TASK STATEMENT:
Only these lines of the data below are wanted: the one with "Инструкция по учету", the one with "Camiseta Mecánico de", and any lines between them, each repeated exactly.

Items listed in a dataset
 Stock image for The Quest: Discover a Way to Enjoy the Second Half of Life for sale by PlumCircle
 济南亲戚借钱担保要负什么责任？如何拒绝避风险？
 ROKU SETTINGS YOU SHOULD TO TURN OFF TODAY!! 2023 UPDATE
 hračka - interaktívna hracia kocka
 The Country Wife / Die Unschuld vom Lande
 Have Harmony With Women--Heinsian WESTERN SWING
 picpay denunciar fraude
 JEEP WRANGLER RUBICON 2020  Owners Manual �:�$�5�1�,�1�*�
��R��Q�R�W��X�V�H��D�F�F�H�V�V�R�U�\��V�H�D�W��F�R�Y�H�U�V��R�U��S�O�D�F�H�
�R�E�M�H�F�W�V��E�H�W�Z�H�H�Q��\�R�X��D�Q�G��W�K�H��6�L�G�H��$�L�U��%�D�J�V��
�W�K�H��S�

...

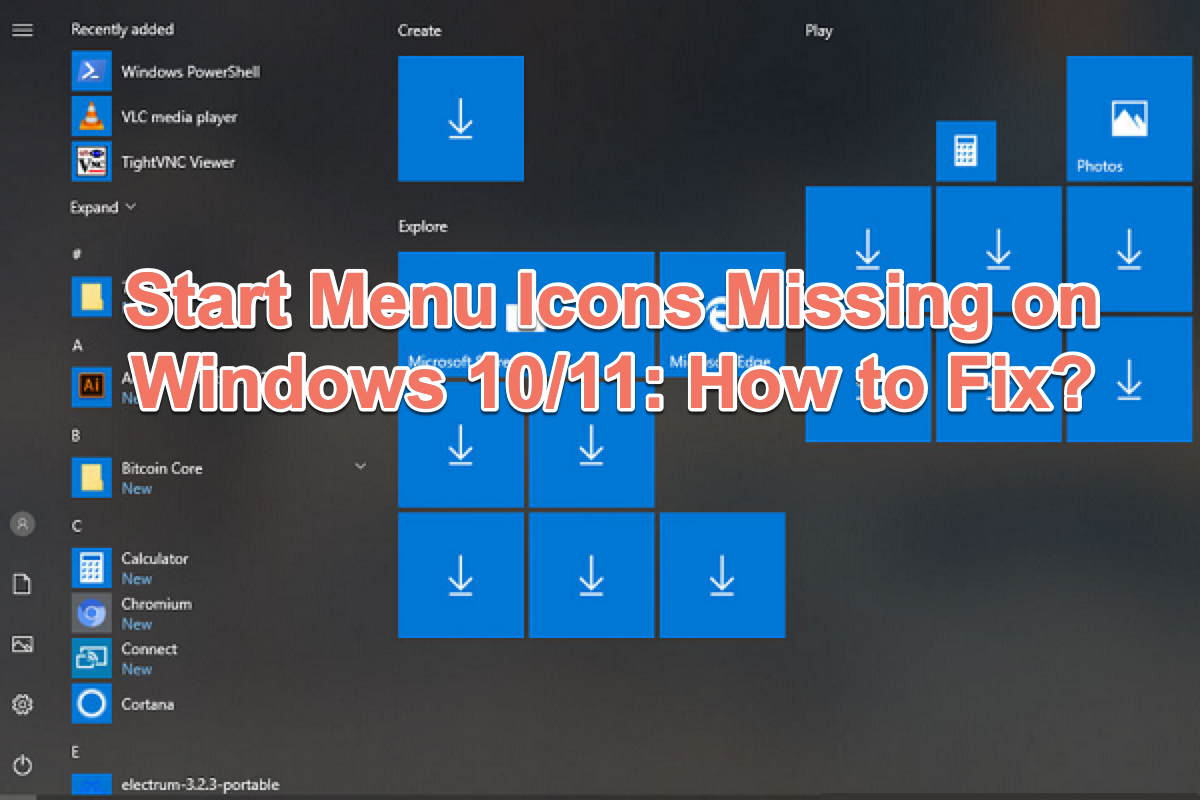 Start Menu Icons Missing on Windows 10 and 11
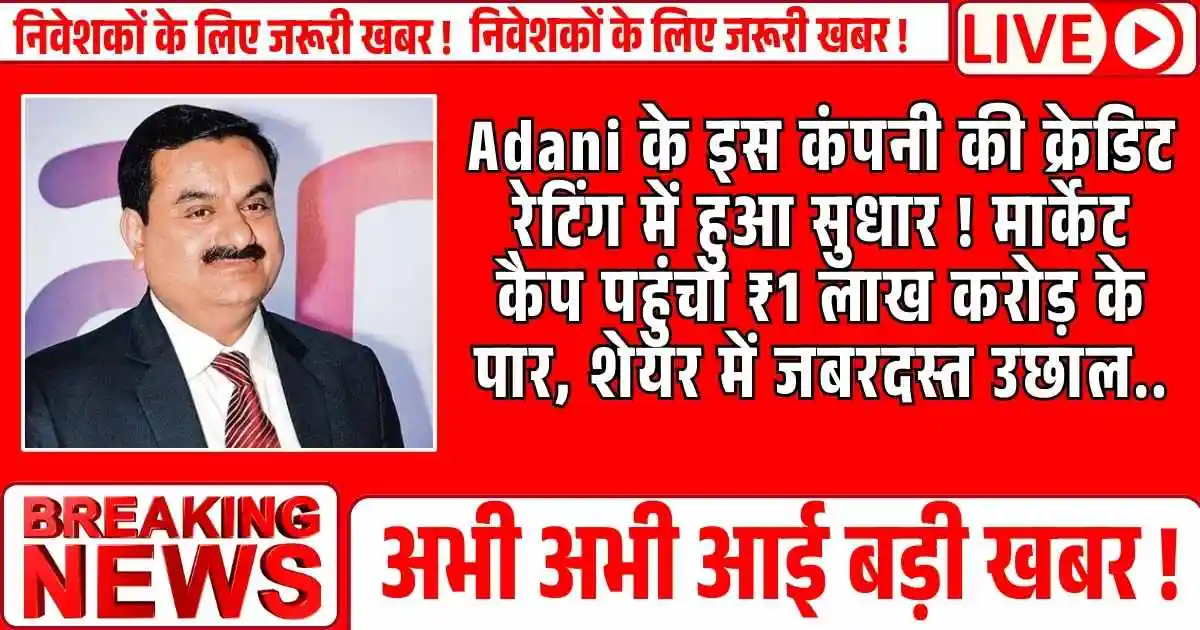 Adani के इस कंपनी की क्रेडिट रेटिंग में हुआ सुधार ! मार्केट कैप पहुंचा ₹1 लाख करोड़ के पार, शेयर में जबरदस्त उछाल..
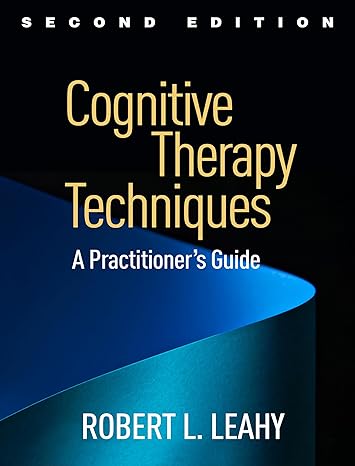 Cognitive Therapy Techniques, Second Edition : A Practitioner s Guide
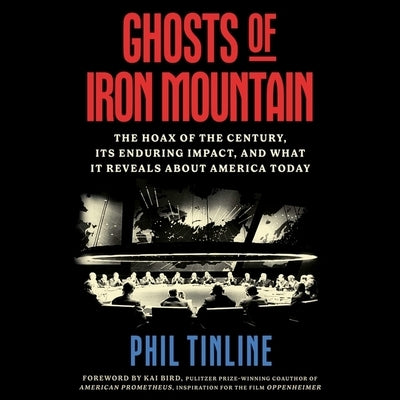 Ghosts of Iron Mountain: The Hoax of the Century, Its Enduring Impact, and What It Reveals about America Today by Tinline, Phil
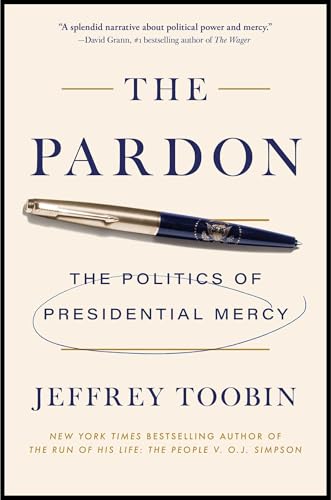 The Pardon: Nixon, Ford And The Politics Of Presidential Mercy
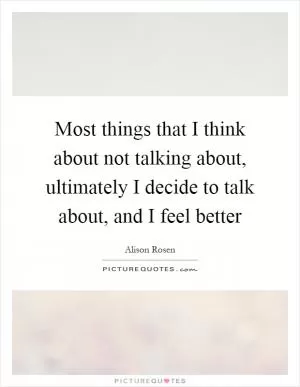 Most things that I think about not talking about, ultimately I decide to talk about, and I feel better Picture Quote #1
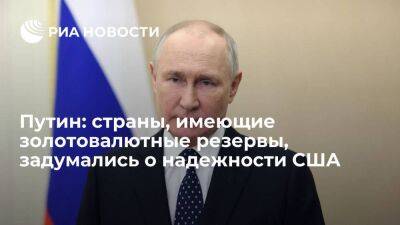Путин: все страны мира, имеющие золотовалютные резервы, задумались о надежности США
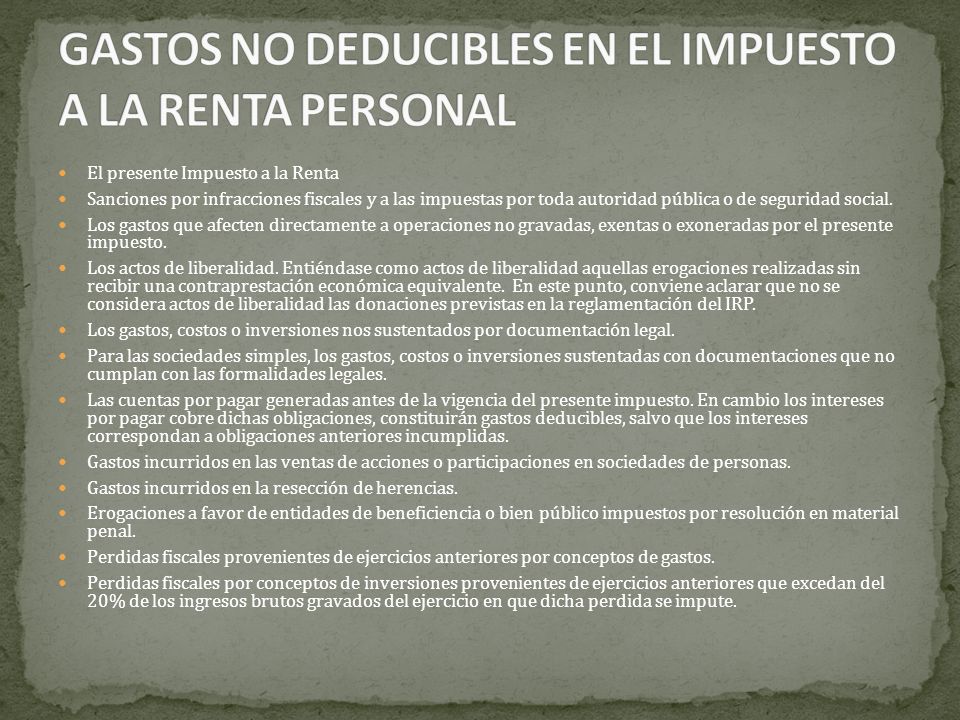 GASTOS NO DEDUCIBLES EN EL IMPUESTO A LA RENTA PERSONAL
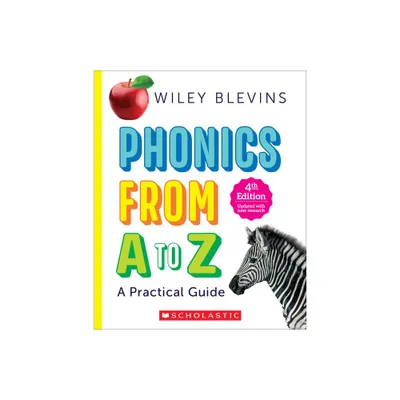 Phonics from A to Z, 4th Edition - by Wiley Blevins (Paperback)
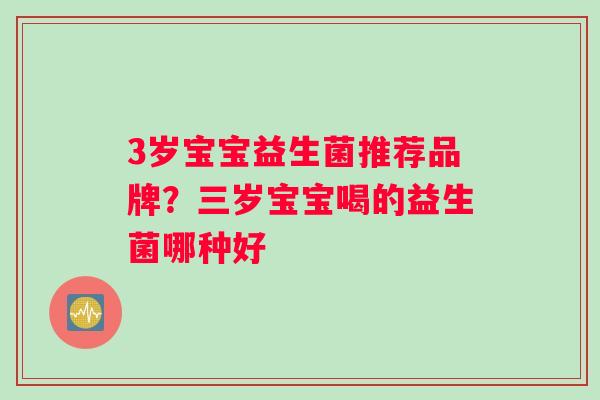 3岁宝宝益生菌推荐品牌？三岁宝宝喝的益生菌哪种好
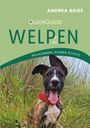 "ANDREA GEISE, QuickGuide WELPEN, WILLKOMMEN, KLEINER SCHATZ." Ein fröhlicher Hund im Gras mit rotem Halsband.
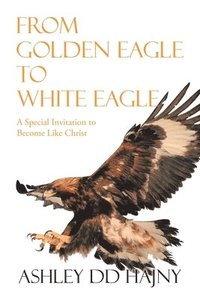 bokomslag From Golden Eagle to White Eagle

* * *

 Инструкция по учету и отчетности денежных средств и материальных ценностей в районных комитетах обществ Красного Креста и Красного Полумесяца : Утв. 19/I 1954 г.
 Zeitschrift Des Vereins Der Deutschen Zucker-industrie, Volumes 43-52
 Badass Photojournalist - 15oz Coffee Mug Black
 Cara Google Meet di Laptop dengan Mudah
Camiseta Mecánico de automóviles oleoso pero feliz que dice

SOLUTION:
 Инструкция по учету и отчетности денежных средств и материальных ценностей в районных комитетах обществ Красного Креста и Красного Полумесяца : Утв. 19/I 1954 г.
 Zeitschrift Des Vereins Der Deutschen Zucker-industrie, Volumes 43-52
 Badass Photojournalist - 15oz Coffee Mug Black
 Cara Google Meet di Laptop dengan Mudah
Camiseta Mecánico de automóviles oleoso pero feliz que dice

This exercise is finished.